However, there is always more we can do to profit from our lives and our relationships. We can focus our energy only on beneficial relationships. Good relationships can be beneficial, but that isn’t always the case. Sometimes, what we consider a good relationship would be better referred to as a relationship that isn’t bad: It’s not exactly good, but it’s not bad, so it’s good by default. The majority of us have at least one or two of these “not bad” relationships. While it may not seem like a big deal to entertain such relationships, it is.

Those who are most present in our lives become significant in our lives, whether we wish for it or not. By simply being present and by our awareness of their presence, these people become a part of our lives, part of us. The brain doesn’t so much forget as it does misfile; all the people that you’ve ever met, those you’ve even just noticed, are floating around in that head of yours, affecting your thoughts in one way or another — at least on some occasions.

You won’t notice this, of course, but our memories become points on an intricate web of memories, which connects to full thoughts and later to actions. The more present a person is in our life, the more we interact with him or her, and the more we tend to think about this person. The more we think about him or her, the more he or she influences every other thought that goes on in our heads.

Of course, who’s to say that some poor, or even terrible, relationships don’t lead to great ideas and amazing results? However, seeing as positive relationships lead to a happier you, and since a happier you is a more efficient you, it would be wise to stick with beneficial relationships.

Beneficial relationships come in many shapes and sizes, but what it comes down to is whether or not the total benefit of each relationship has a positive or negative effect on your life. It’s simple math.

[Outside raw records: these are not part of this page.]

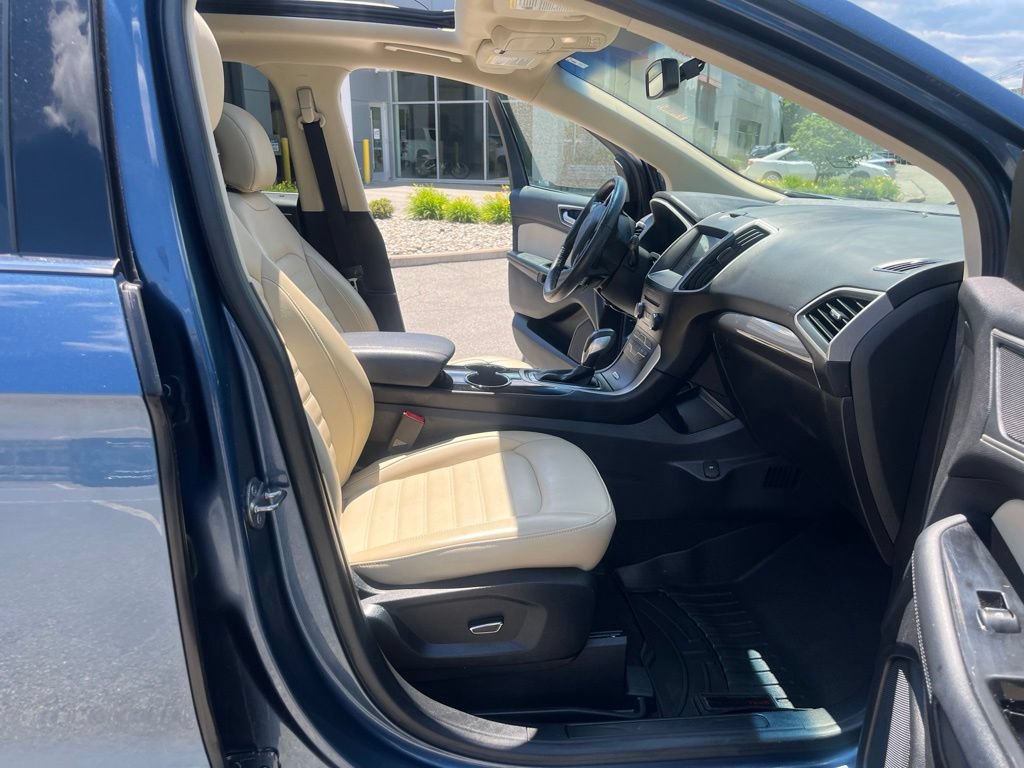 Used 2018 Ford Edge SEL w/ Equipment Group 201A AWD/4WD image 14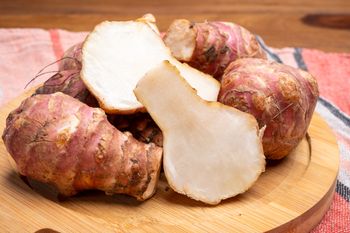 Wraca na stragany. Jak obrać i przygotować to zapomniane warzywo, by dobrze smakowało?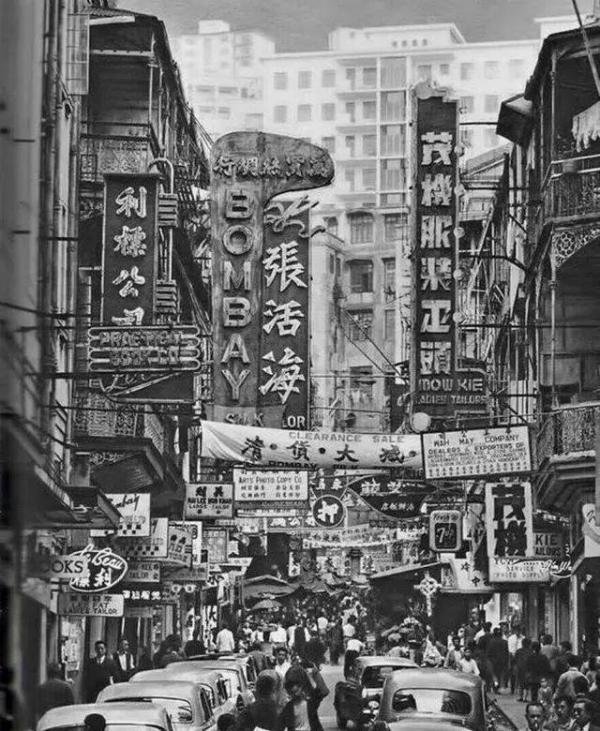 父亲是裁缝、大姐是78年香港十大杰出青年,名校肄业张国荣爱唱歌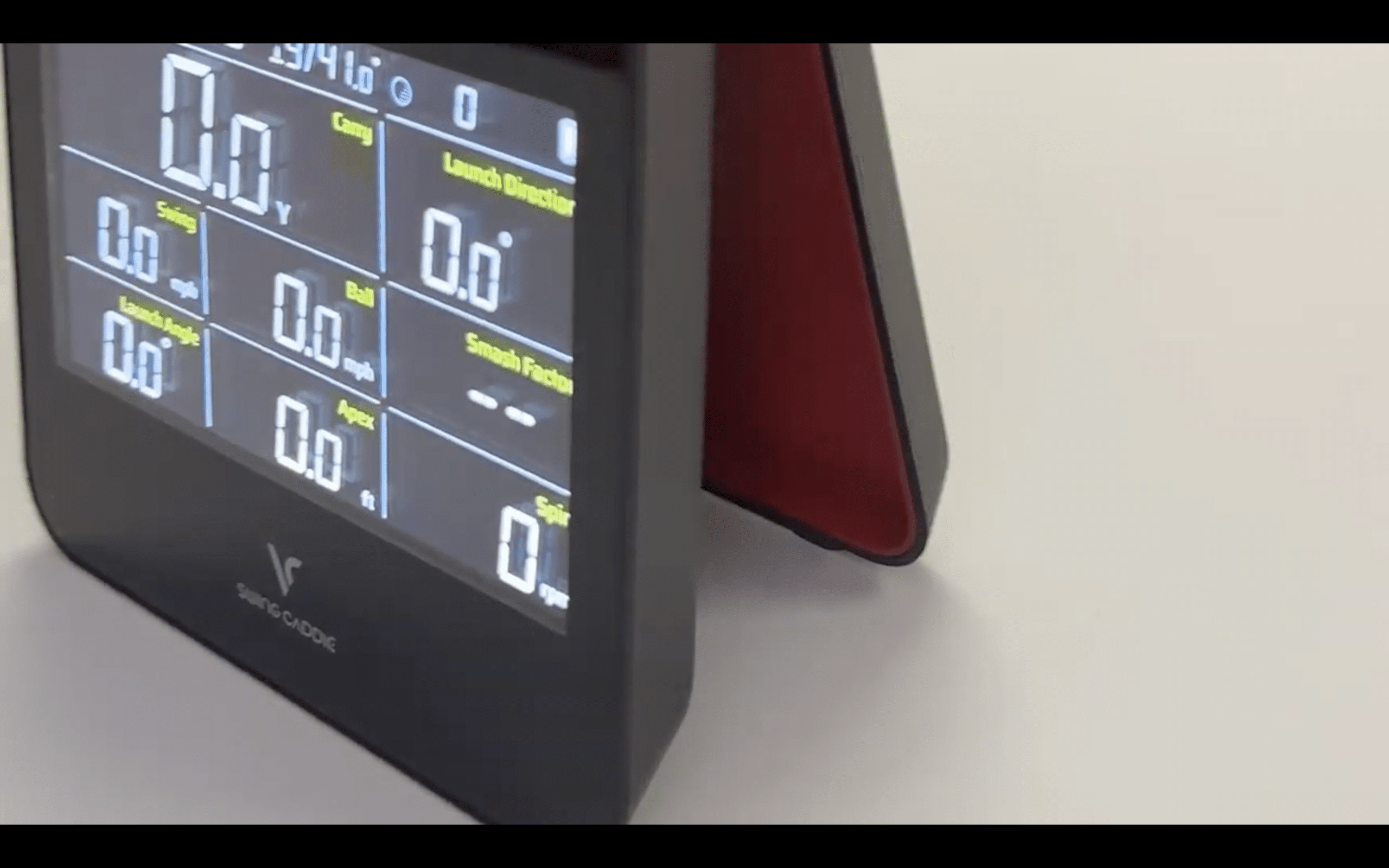 Golf swing analyzer digital display device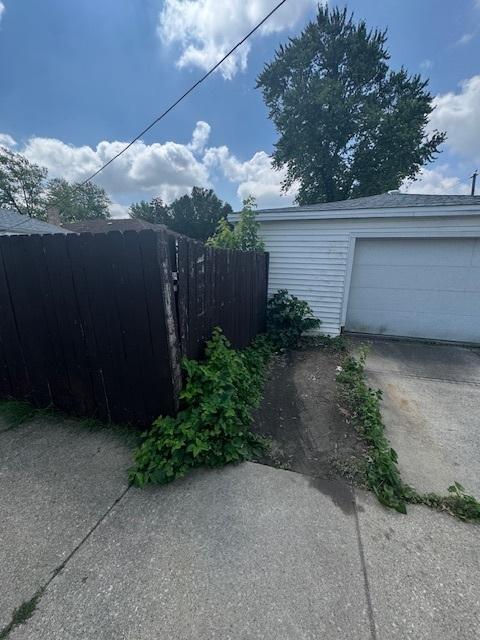 9100 S Sawyer Ave, Evergreen Park, IL 60805 - photo 22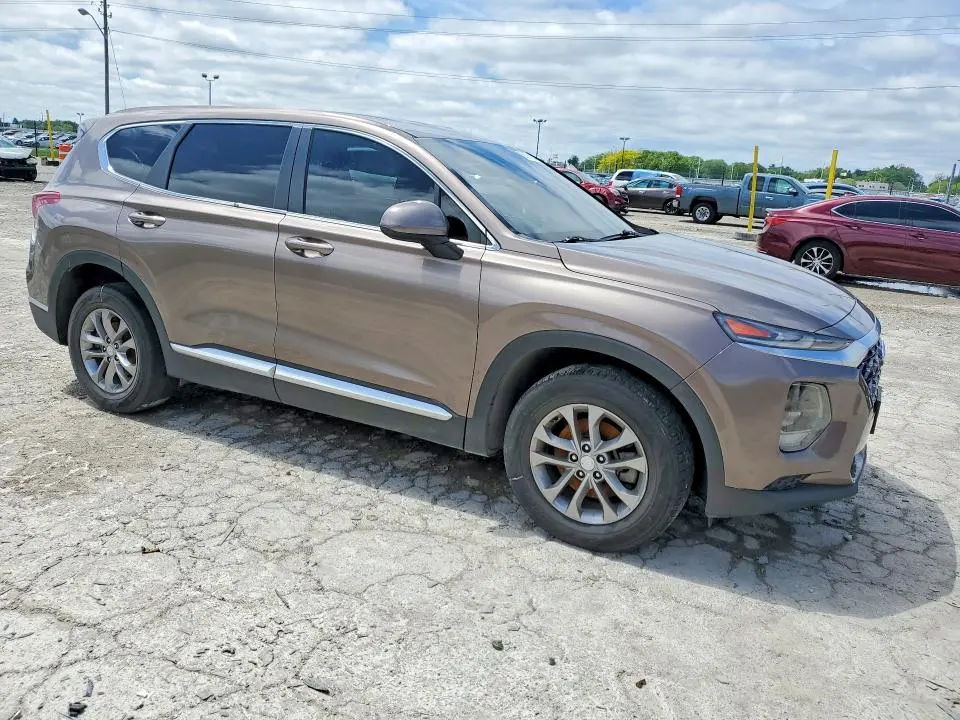 2020 HYUNDAI SANTA FE SE  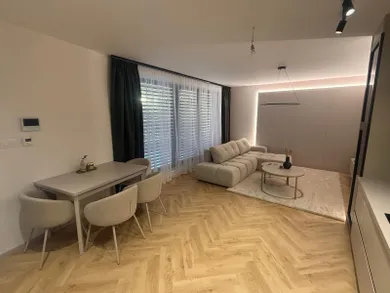 Na prenájom 4-izbový byt, 105 m², Malacky, Námestie u Severínka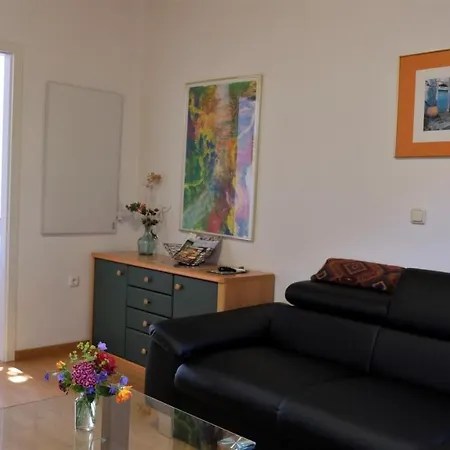 Hirschenbraeu Michel بيت ضيافة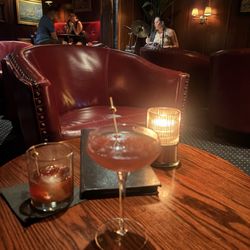 Berlin's Cocktail Bar & Lounge - Nice ambience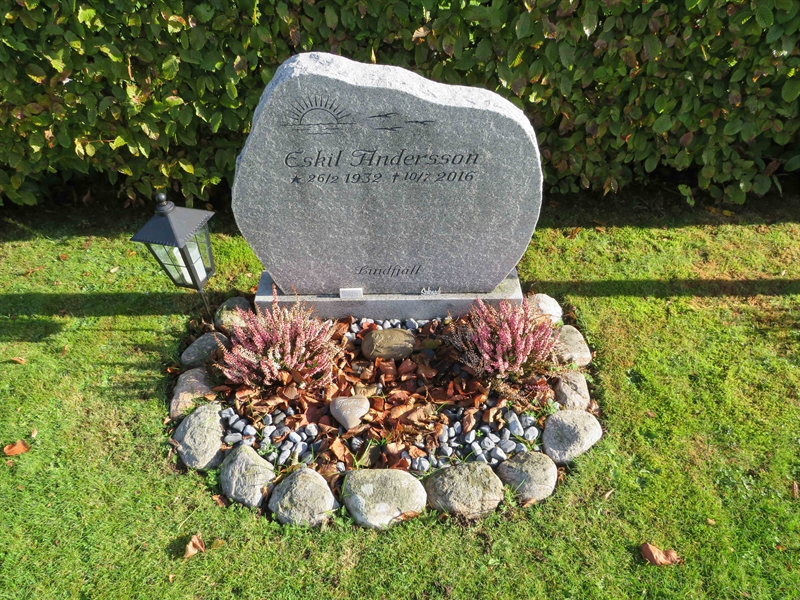 Grave number: 1 12   29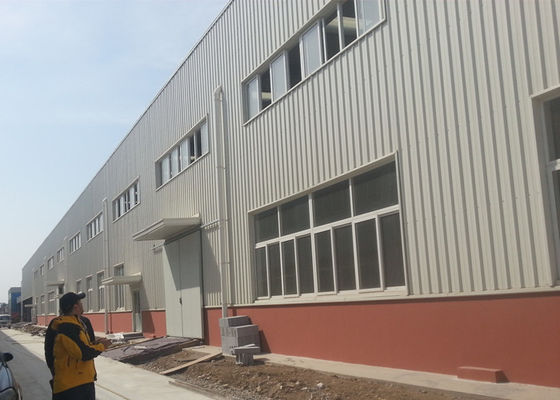 Nhà kho thép chống cháy xây dựng 120 * 60 * 9 M cho thiết bị thể thao xung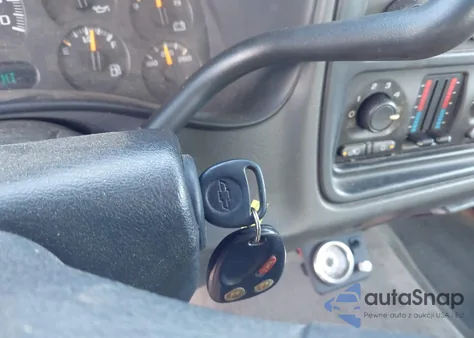 2004 Chevrolet Silverado 2500 Ls from USA, damaged, VIN 1GCGK23U94F217116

Take out a piece of paper and list all the perks of being in any given relationship, as well as all the ways you are worse off because of the relationship.

If the difference is positive, the relationship may be worth keeping. The values you assign to each benefit and negative impact are completely up to you. It really depends on what you value the most. For some, relationships are completely about honesty and support; for other’s, it’s all about access to a rooftop pool and a 72-inch TV on game day.

Next, you can’t forget to adjust for the tradeoffs. There is only so much time in a day, and socializing takes up a lot of time. The busier you are with other things, the less time you have to spend on friends and lovers. If we wish to have the best lives we can possibly have, then we have no choice but to prioritize our relationships.

When it comes down to it, for every relationship you have, you are technically giving up the time that could have been occupied by another social interaction, another relationship. This is the tradeoff. Statistically speaking, you’ll be happier if you keep your “close” relationships to about five.

Once you start hitting double digits, each relationship you have begins to suffer because you simply don’t have enough time to maintain them. That’s something I should have mentioned earlier: Relationships require maintenance. But you already knew that.

Deciding which relationships you should keep requires some calculation and deep thought. Usually, relationships don’t need to be cut off entirely. It’s really more about spending time on the relationships that count and, most importantly, decapitating those that are destructive. Unfortunately, this is usually easier said than done.

Even more difficult than ending friendships is cutting off romantic relationships. Usually, the more poisonous these relationships are, the more we try to hang on to them and convince ourselves that they’re actually good for us. Getting your life together takes courage; no one is saying otherwise. It really comes down to how badly you want to reach your full potential, and how happy you’ll be getting there.